The massive relief operation underway in Darfur—amidst ethnic cleansing and crimes against humanity—far surpasses the humanitarian effort launched during the 1980s drought30 and is the largest operation for several of the leading international humanitarian agencies.31 There are now thirteen United Nations agencies and eighty-four nongovernmental organizations in Darfur, in total deploying 14,000 relief workers, most of them Sudanese nationals. The humanitarian operation succeeded in preventing massive deaths in 2005, and in bringing about a dramatic improvement in acute malnutrition rates among children in Darfur.32

Village by village, district by district, however, civilians in Darfur have been isolated by the persistent increase in fighting and criminal violence since late 2005. A significant portion of Darfur’s population lives in scattered no-man’s lands, run by the rule of the gun. 
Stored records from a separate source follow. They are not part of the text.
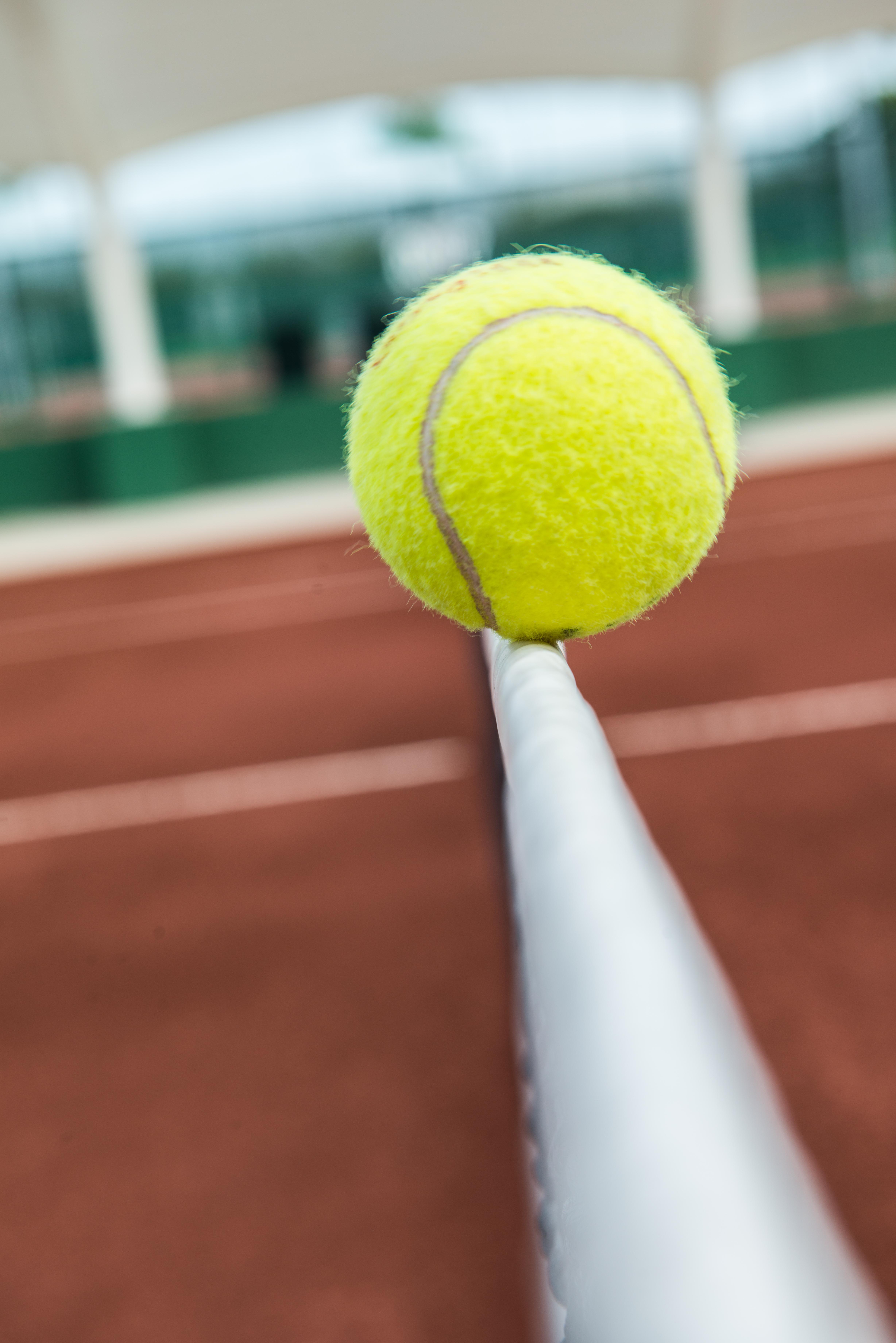 Palacio Mundo Imperial All inclusive hotel Acapulco Esterno foto A ball hitting the net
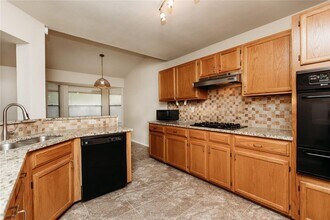 11929 Bittern Hollow in Austin, TX - Building Photo - Building Photo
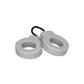 Shots Toys | S-LINE Cuff Soap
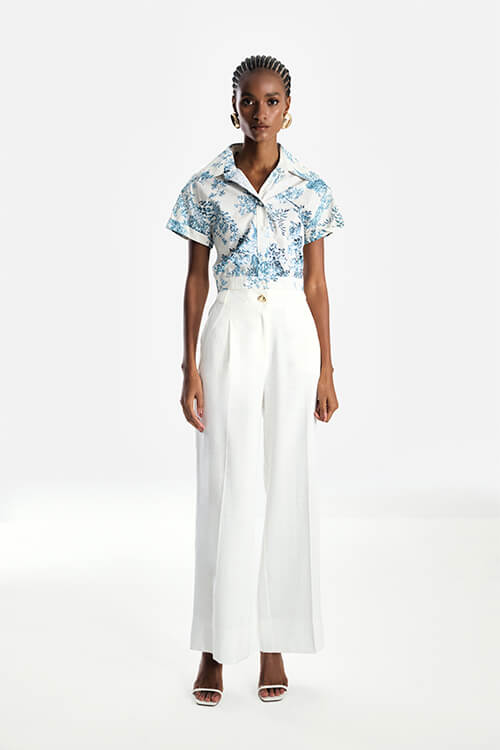 BLUSA---085-CALCA---024-9162.jpg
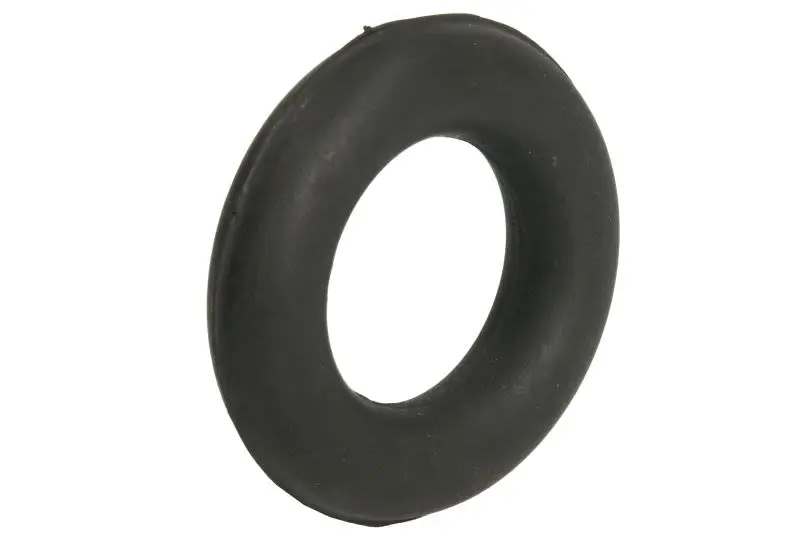 Wieszak układu wydechowego 4MAX – 0219-14-0013P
The case of Golo/Rokero described below is one of many areas in dire need as humanitarian agencies have been unable to obtain sustained access because of security concerns. There are many others: another example is in Aro Sharow, where Arab militias attacked a displaced persons camp and the villages of Gosmino and Ardja in the Kulbus area of West Darfur (northwest of Jebel Marra) on September 28, 2005, reportedly leaving thirty-four civilians dead and ten wounded, and forcing more than 4,000 villagers to flee.33 At this writing, approximately eight months on, the displaced in that area have received no food distribution since the attack, and water supplies are limited. The government made only a feeble gesture at investigating the attack—one visit in eight months.34

North-eastern Jebel Marra, particularly the rural council districts of Golo and Rokero in West Darfur, witnessed heavy fighting in December 2005 and January 2006, and then throughout March. Security conditions are now so poor that no humanitarian organization has been able to establish a regular presence in those two areas since mid-January.35 According to a humanitarian worker, food aid has not reached approximately 63,000 displaced persons in the Golo area since the January fighting.36 

Since December 2005 there have been serious clashes in eastern Jebel Marra between the government forces at the Rokero base in this district together with their Janjaweed allies, and the SLA rebels who claim to control the area. The fighting has ranged over an extended area and many villages have been burned; thousands have been freshly displaced. On December 24, 2006, an SLA ambush of a government convoy near Rokero left at least fifteen people dead, including eight government soldiers and some civilians.  In retaliation, government-backed militia apparently attacked several villages in the area over the next few days and burned the market in Rokero, displacing thousands of civilians.37  On January 23, 2006, a force of 160 SLA rebels attacked government positions in Golo, killing twenty police officers and wounding sixteen others.38  The Sudanese government responded to the attack by sending in reinforcements, including Janjaweed militia from Kebkabiya and Guildo. The fighting continued for several days.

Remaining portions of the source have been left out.